There are those who would say that some of the courses mentioned have greens that are too smooth and lawn-like. They would rather sing the praises of those that are just a little barer, harder, and more exacting, such as are to be found at St. Andrews or Hoylake. Neither of these two would probably be acclaimed by a popular vote for the reason that they have not that look of sleek perfection which is given to some others. Yet the Hoylake greens must have been wonderfully true during the last Amateur Championship, or no man could have continued to hole long puts as Mr. Aylmer did during round after round until he met his Waterloo in the final match.
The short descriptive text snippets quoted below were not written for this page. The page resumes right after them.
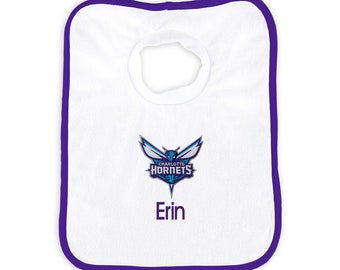 charlotte hornets baby clothes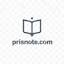 prisnote.com favicon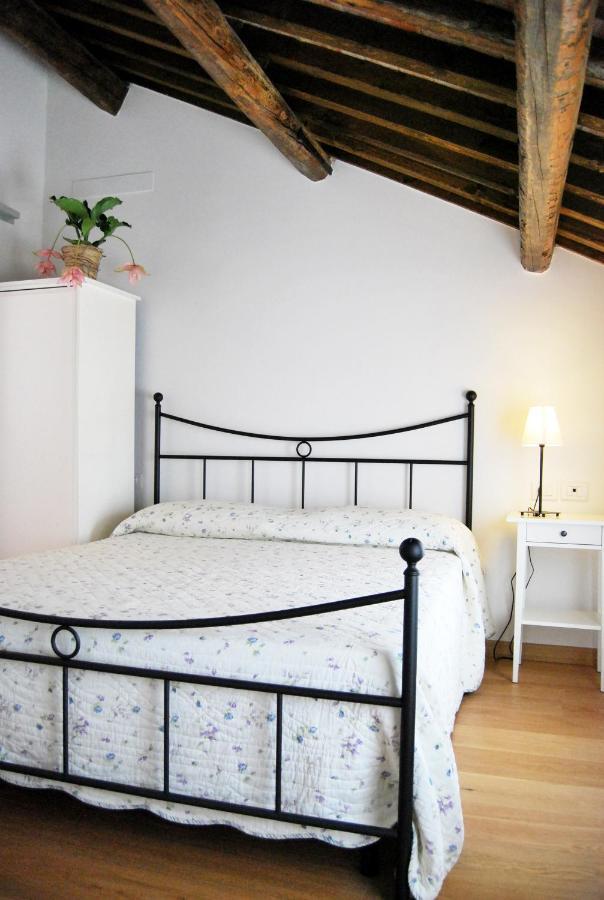 Burro E Marmellata Bed & Breakfast Sabbioncello Ngoại thất bức ảnh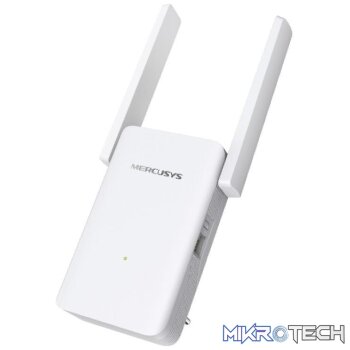 MERCUSYS AX1800 WI-FI 6 RANGE EXTENDER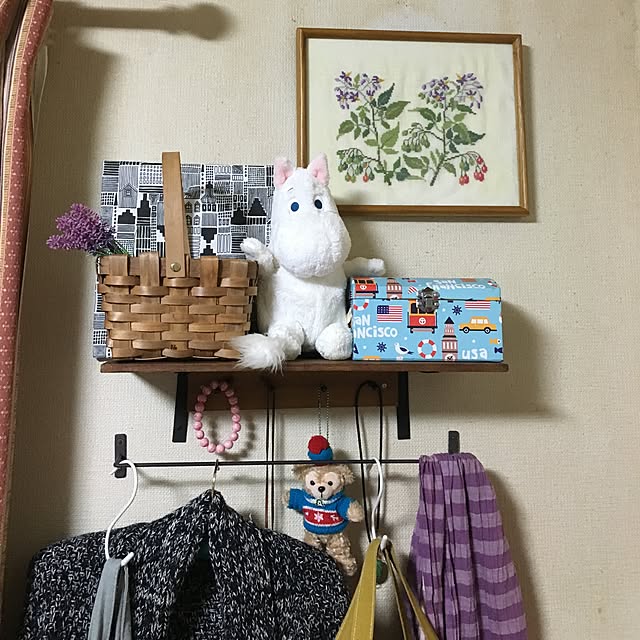 meronさんの実例写真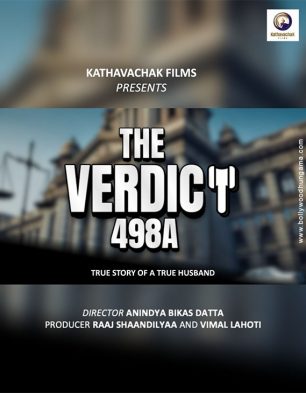 The Verdict 498A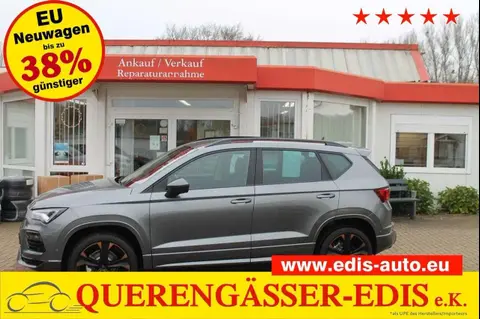 Used CUPRA ATECA Petrol 2024 Ad 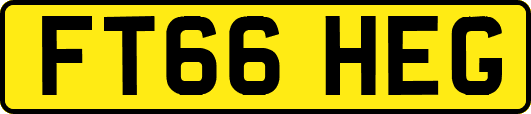 FT66HEG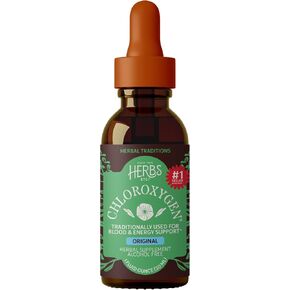 ChlorOxygen Chlorophyll Concentrate Original 2 oz in Kuwait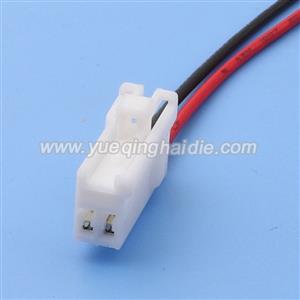 Wire harness PH845-02020 simplified version  20AWG  20CM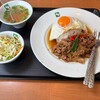 バンコクキッチン 赤坂店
As to the precise qualities that go to make an ideal green there must be many differences of opinion, but it may be safely laid down that they can hardly be too true and that they can very easily be too flat. There can be nothing more entirely depressing than a green like a billiard table, unless it be one of those which consist of one big slope, unbroken by the slightest vestige of a plain or a valley. For purposes of holing out, naturally a somewhat elastic term, a reasonable degree of flatness is desirable, but approach putting over a green laid, with a spirit level is the dreariest work. Whether the greens of St. Anne's are too flat or those of Sunningdale too mountainous is a point that must be left to individual fancy. There remain the questions of size and pace. As to the former there are very great contrasts to be found among the very best of courses. The greens at Bye and Prestwick, for instance, are mere cottage grass-plots compared with the rolling prairies of Sandwich.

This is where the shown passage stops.